On voit assez que ce dernier feuillet était relatif à Marie Stuart elle-même, et lui prédisait sans doute son avénement au trône d'Angleterre et la restauration de l'Église dans ce royaume! On voit aussi par les termes de cette lettre qu'elle était un moyen détourné, ingénieusement trouvé par la haine d'une rivale prisonnière, pour faire à son ennemie tous les outrages qui pouvaient être le plus sensibles au cœur d'une reine et d'une femme. On s'étonne de tant d'audace et d'insulte sous la main d'une reine captive, à qui un mot d'Élisabeth pouvait rétorquer la mort; mais la mort en ce moment était moins terrible à Marie Stuart que la vengeance ne lui était chère. Quel spectacle pour l'histoire, que celui de ces deux reines, s'avilissant à l'envi dans ces rixes acharnées où l'une provoquait le supplice, où l'autre le tenait vingt ans suspendu sur la tête de sa rivale!
XXXI
Cependant l'Europe sur laquelle Marie Stuart avait compté, l'oubliait; mais elle n'oubliait pas l'Europe. Sa détention d'abord royale s'était resserrée de plus en plus à mesure qu'elle changeait de résidence. Elle décrit en termes pathétiques, à l'envoyé de Charles IX à Londres, les disgrâces de son avant-dernière prison:
«Elle n'est que de vieille charpenterie, écrit-elle, entr'ouverte de demy pied en demy pied, de sorte que le vent entre de tous costez en ma chambre, je ne sais comme il sera en ma puissance d'y conserver si peu de santé que j'ay recouverte; et mon médecin, qui en ha esté en extresme peine durant ma diette, m'ha protesté qu'il se déchargeroit tout à fait de ma curation, s'il ne m'est pourveu de meilleur logis, luy mesme me veillant durant ma dite diette, ayant expérimenté la froydure incroyable qu'il faisoit la nuit en ma chambre, nonobstant les estuves et feu continuel qu'il y avoit et la chaleur de la saison de l'année; je vous laisse à juger quel il y fera au milieu de l'hyver, cette maison assise sur une montagne au milieu d'une plaine de dix milles à l'entour, estant exposée à tous ventz et injures du ciel... Je vous prye luy faire requeste en mon nom (à la reine Élisabeth), l'asseurant qu'il y a cent païsans en ce meschant villaige, au pied de ce chasteau, mieuz logez que moy, n'ayant pour tout logis que deux méchantes petites chambres... De sorte que je n'ay lieu quelconque pour me retirer à part, comme je peux en avoir diverses occasions, ni de me promener à couvert: et pour vous dire, je n'ay esté oncques si mal commodée en Angleterre...»
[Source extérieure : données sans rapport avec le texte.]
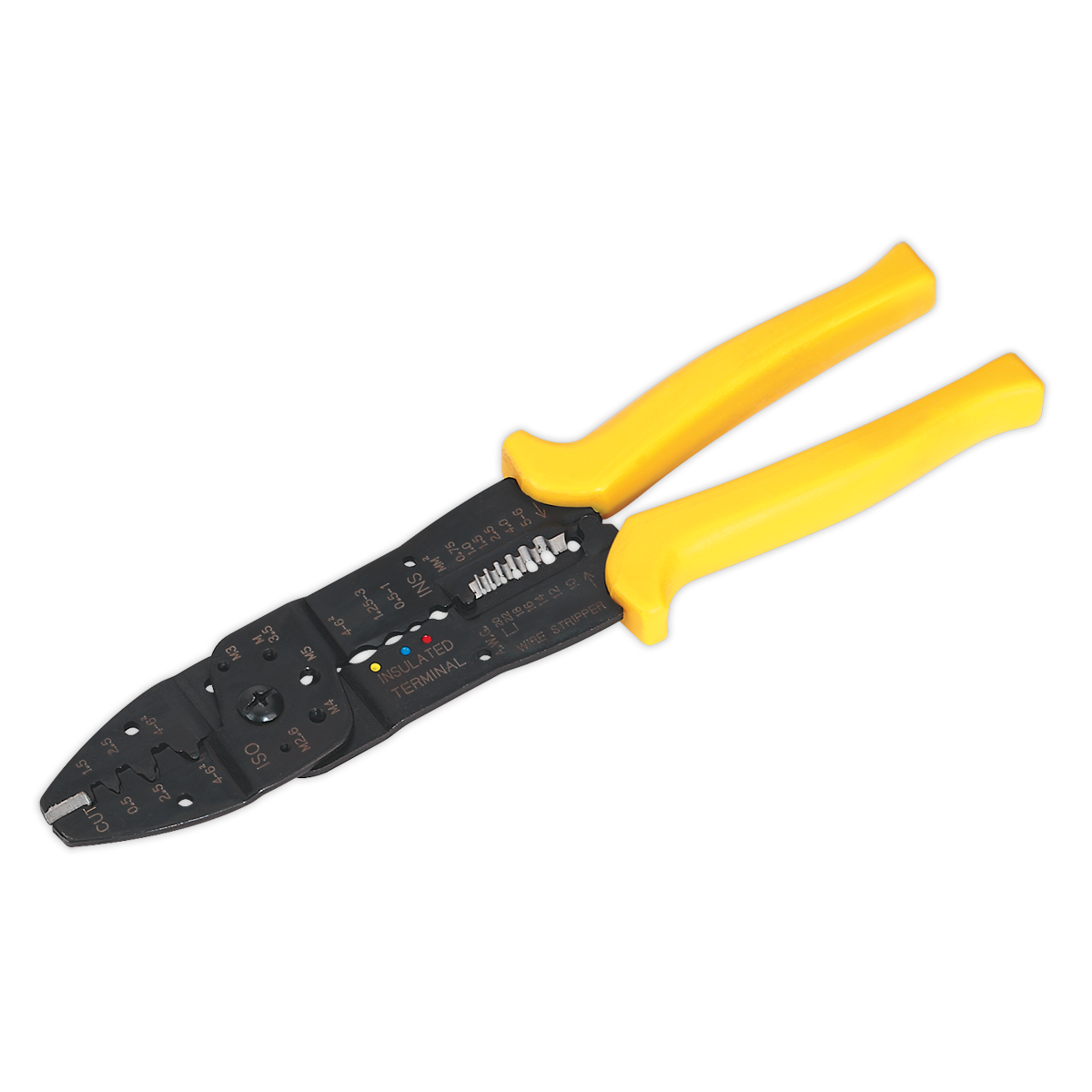 Sealey AK3851 Stripping & Crimping Tool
Les serviteurs écossais et les compagnes de sa fuite et de sa captivité succombaient un à un à cette longue agonie des prisons. Elle y apprit, on ne sait si ce fut avec joie ou avec douleur, la mort de son mari Bothwell; après une vie errante sur les flots de la mer du Nord, où il avait repris, comme on l'a vu, l'infâme métier de pirate, Bothwell, surpris dans une descente sur la côte de Danemark et enchaîné dans le cachot d'une prison sur un écueil, était mort dans la démence; l'excès des oscillations de sa fortune, le miracle de son élévation, l'étourdissement de sa chute avaient ébranlé sa raison. Il la reprit cependant au moment d'expirer, et, soit puissance de la vérité, soit tendresse, il dicta à ses geôliers une justification de la reine dans la mort de Darnley; il prit tout sur lui: crime et expiation. La reine fut touchée de ce dévouement posthume qui lui rendait aux yeux de ses partisans l'innocence qu'elle ne recouvra jamais aux yeux de ses ennemis. Bothwell était trop chargé de crimes pour que sa bouche, même en mourant, fût le gage d'une vérité. Mais cette attestation était du moins un gage de son amour survivant à vingt ans de séparation et de supplice.